Initial assessment showed that up to 150µg of drug after KAPA protease digestion could be analyzed in ddPCR as in qPCR [9] (Figure 1). In order to further assess the matrix effect on the method, an experiment was conducted with DS1G, DS4P and DS1T spiked with serially diluted DNA standards along with unspiked control followed by KAPA digestion. Results in copy number of DNA were superimposed on the standard curve in Figure 2. For mAb DS1G at 100 µg, the assay precision measured by %RSD was <20% for DNA spike to 2.0fg and 36% with 1.0fg and 58% with 0.5fg of spiked DNA; the average accuracy was 145%. For mAb DS4P at 52µg, the precision was <24% for DNA spike levels from 1e4fg to 5.0fg and was about 32% at spike level of 1.0fg; the average %recovery was 139. For mAb DS1T at 25µg, the precision was <27% for DNA spike levels from 1e4fg to 1.0fg; the average %recovery was108. The data showed that the method was reasonably precise and accurate up to 1.0fg of DNA spiked to drug and 1.0fg (which represents 10 copies of the PCR target) could be the LOQ of the method.

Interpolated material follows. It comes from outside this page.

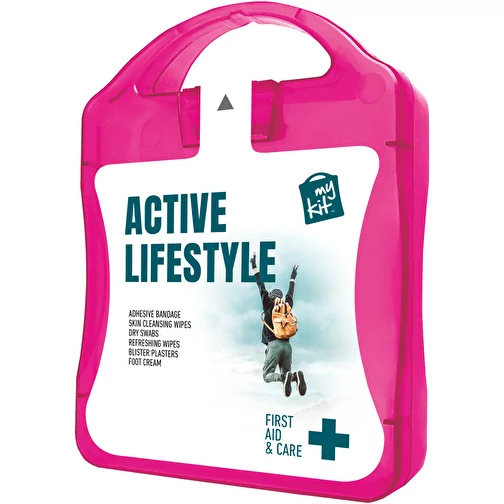 Set active lifestyle MyKit, Immagine 1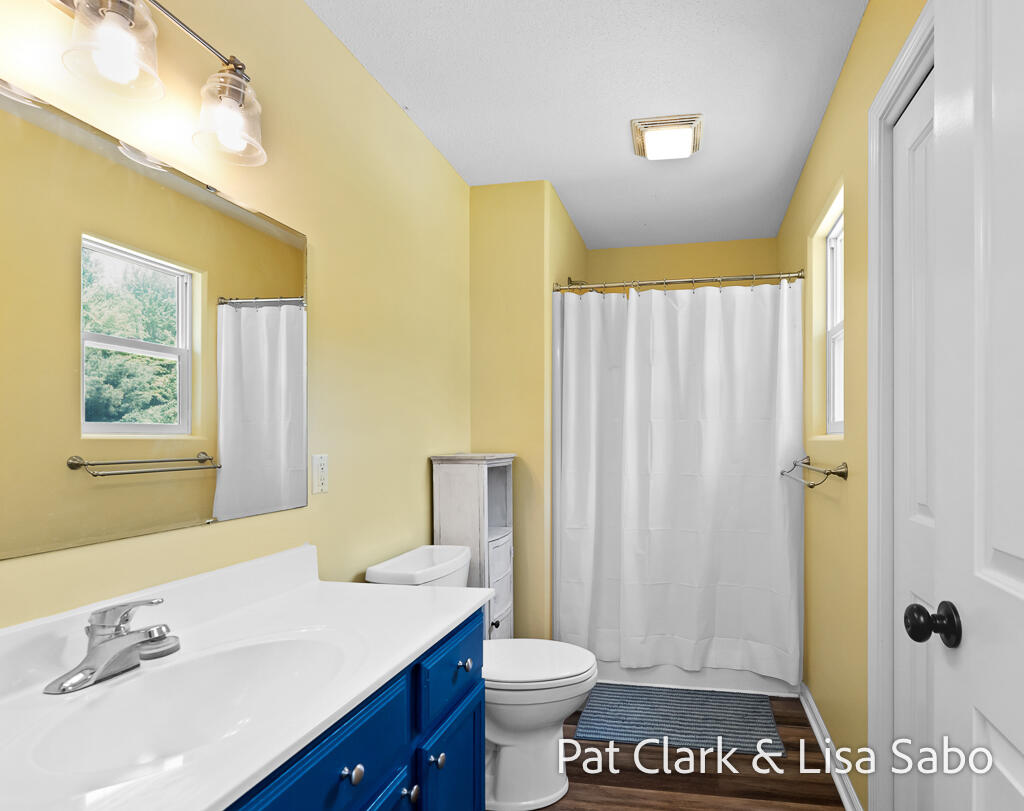 3296 Rambling Brook Road Muskegon MI 49444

Figure 1: Droplet fluorescence amplitude with CHO hrDNA ddPCR method. The mAb DS4P (52µg) was either not spiked with CHO DNA (wells in the left) or spiked (right wells) and if digested with KAPA protease shown as +K in the x-axis; four replicates for each condition shown and separated by yellow vertical lines. The y-axis showed the fluorescence amplitude for each droplet in this 1D concentration plot generated by Bio-Rad QuantaSoft ver. 1.7.4.0917. The horizontal line of threshold separating positive and negative droplets was manually set at 500.

Figure 2: Linear range of CHO hrDNA ddPCR method. The linear range was determined with DNA standards only ((X), and DNA standards with KAPA-digested drugs, 100µg of DS1G (o) or 50µg DS4P (◊) or 25µg of DS1T (+). The ddPCR results are shown in the y-axis as copies of DNA detected. Based on the DNA standard only, the solid line shows the linear trendline for the mean. The dotted lines show the 99% confidence interval for the individual measurements, calculated by 2.5 RSME of a log/log fit with slope = 1. The conversion factor of DNA copies to weight in fg was calculated from the inverse of the slope of the standard curve; 1/10.15 $\cong$  0.1. Inset: Results for qPCR plotted against equivalent mean and confidence interval, The equivalent LOQ for qPCR, excluding DS1T and DS1G, is 5.0fg, . For all drug with ddPCR, the LOQ is 1.0fg.

Comparison of qPCR and ddPCR results showed that both methods were equally able to detect hrDNA in two out of the seven drugs tested. The hrDNA amounts in the samples, shown in Table 1, differed by 2-fold for DS4L and by about 12-fold for DSN3, however, the DNA quantity in the qPCR well for DSN3 was below the above-mentioned LOQ of 5.0fg for qPCR method. Applying the ≤1.0pg hrDNA/ mg of drug as acceptance criteria, DSN3 would fail with ddPCR method but would pass the hrDNA test with the qPCR method (Table 1). The high DNA copy number as readout and the visible positive droplets in the 1D plot (e.g., Figure 1) generated confidence in the ddPCR data. The lower LOQ of the ddPCR compared to qPCR increased the effective sensitivity of the ddPCR method by 5-fold over qPCR. Additionally, the advantage of the ddPCR method was that a standard curve was not necessary for quantification of unknown samples made routine sample testing easier. In summary, a precise and accurate ddPCR method more sensitive than the qPCR method, without DNA extraction step and requirement of DNA standards, was developed for measuring CHO hrDNA in biologic drug samples.

Thanks to Chris Lee, Allisan Zanoni, Madhuri Ganta, and Carolyn Reifsnyder of Bio-Rad Laboratories, Inc. for providing the ddPCR™ CHO Residual DNA Quantification Kit used in this study; to Shruti Patel and Marko Stefanovic of MRL for technical help; and to Xiaoyu Yang of MRL for review of the manuscript.